A known length of cable (the type being tested) can be used to determine the propagation velocity. Connect it to the instrument with the other end open (not connected to anything). Perform a DTF measurement. A spike in return loss should be visible where the open is located (at the end of the cable). An open circuit should have 0 dB return loss (full reflection). Adjust the relative propagation velocity parameter until the open at the end of the cable indicates the correct cable length.
"DTF Instrumentation Accuracy" is better than 0.1%, but the more practical concern is "Measurement Accuracy." Return loss measurement accuracy is influenced by many factors; the quality of the calibration (including the calibration components and calibration method), the accuracy of the information entered by the user, and the quality of the cables being tested. Precision calibration components allow greater measurement accuracy. For accurate calibration results, all measurement system uncertainties need to be compensated for by ensuring that the calibration components are connected to same point that will be connected to the device being tested (at the end of any extension cables or adapters being used).
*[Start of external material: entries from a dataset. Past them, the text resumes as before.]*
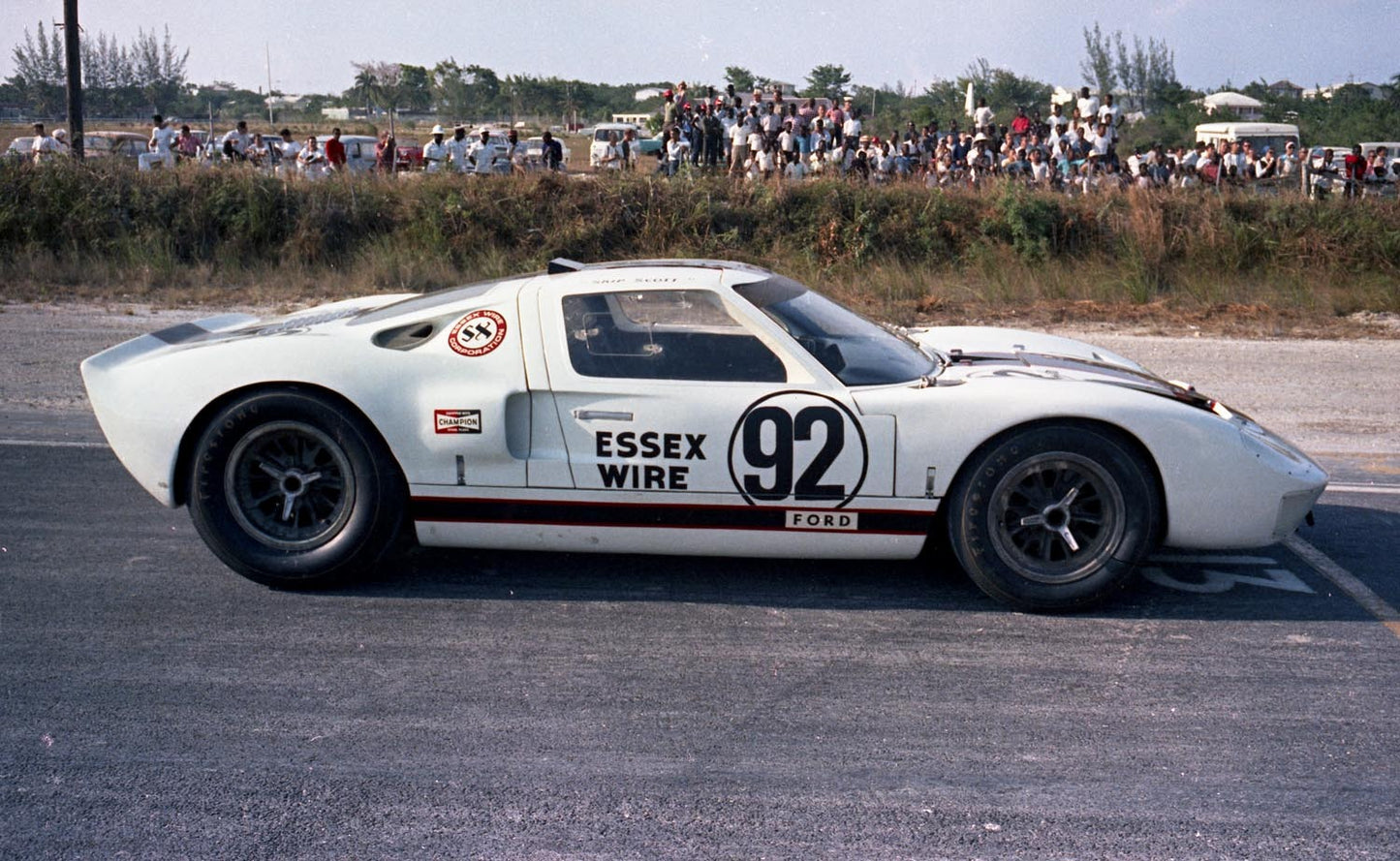 1965 Dec Nassau 1965 Ford GT Skip Scott CN4230-24 0144-2220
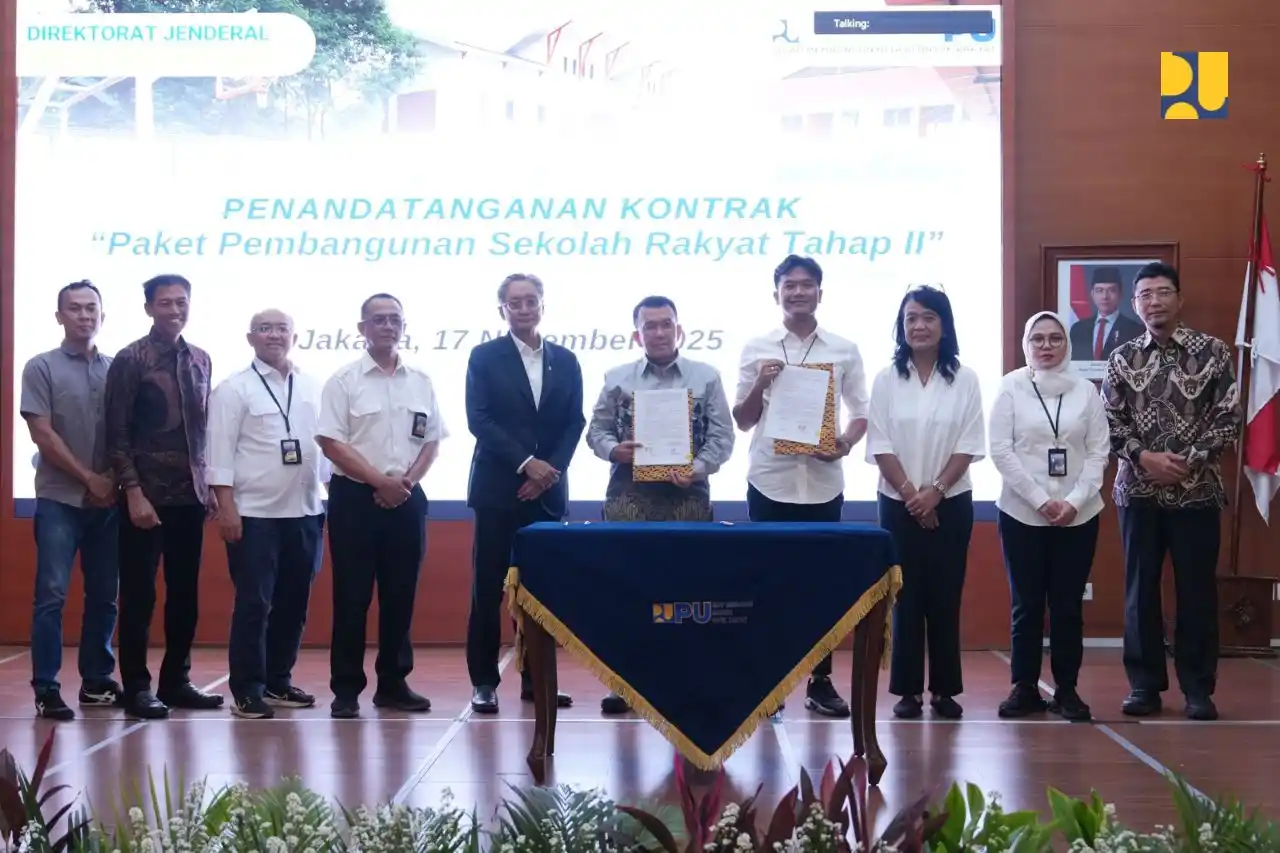 Penandatangan kontrak dimulainya pembangunan Sekolah Rakyat di Kalimantan Selatan, Kalimantan Tengah dan Sulawesi Selatan. (Foto: PU)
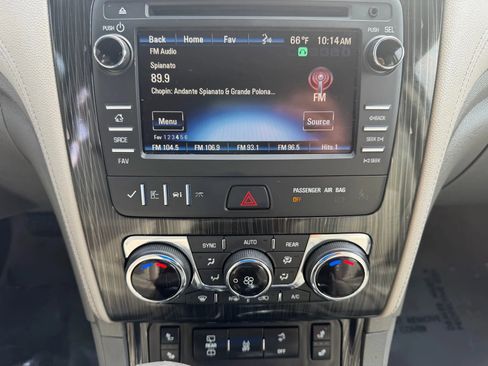 Used 2017 Chevrolet Traverse LT FWD image 18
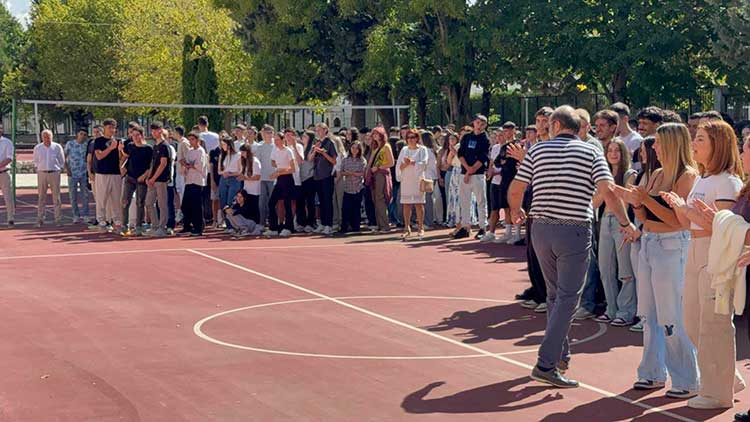 Λάμπρινε με την παρουσία του τον Αγιασμό για την έναρξη της νέας σχολικής χρονιάς του 3ου ΓΕΛ Πτολεμαΐδας, ο Μητροπολίτης κ.κ. Ειρηναίος ! (ρεπορτάζ της Κούλας Πουλασιχίδου)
Distance calculations are based on the assumption of a specific propagation velocity value for the cable or transmission line. If the propagation velocity is set incorrectly, the fault location will be identified at the wrong distance. Relative propagation velocity is calculated as 1/[SQRT(relative dielectric constant)]. The dielectric constant is determined by several factors including the dielectric type of the transmission line and the diameter thickness of that dielectric. Cable manufacturers routinely have dielectric constant variations. The variation may be ±10% or more along the cable’s length. Low cost cables generally have even greater variation in dielectric constant.
Further practical impediments to absolute distance accuracy include the various filters, diplexers, adapters, and differing cable types that are typical of most RF transmission lines. Despite the fact that the instrument itself is extremely accurate, the characteristics of the device under test confound attempts to specify absolute distance accuracy requirements for practical, in-service measurements. The net effect is that each transmission line will have its own “signature” or “finger print” on a DTF display. The ability to store DTF displays, download them to a computer and overlay traces makes analysis of these unique signatures simple. When historical data is compared to recent data, large changes in the "signature" indicate a serious problem. Small changes may indicate aging or dimensional changes due to seasonal temperature conditions.
Typical absolute measurement accuracy for tower mounted transmission lines is within one foot, slightly better than a technician’s ability to measure physical length on a tower mounted cable. Further, most service problems are either physical damage or connector problems. Physical characteristics such as connectors, adapters and bends show up clearly on the DTF display. Thus, identifying a problematic transmission line section is straightforward. As compared to return loss measurements where test accuracy is critical because small performance changes may indicate big problems. Comparison of DTF "before" and "after" plots isolates problems quickly and easily.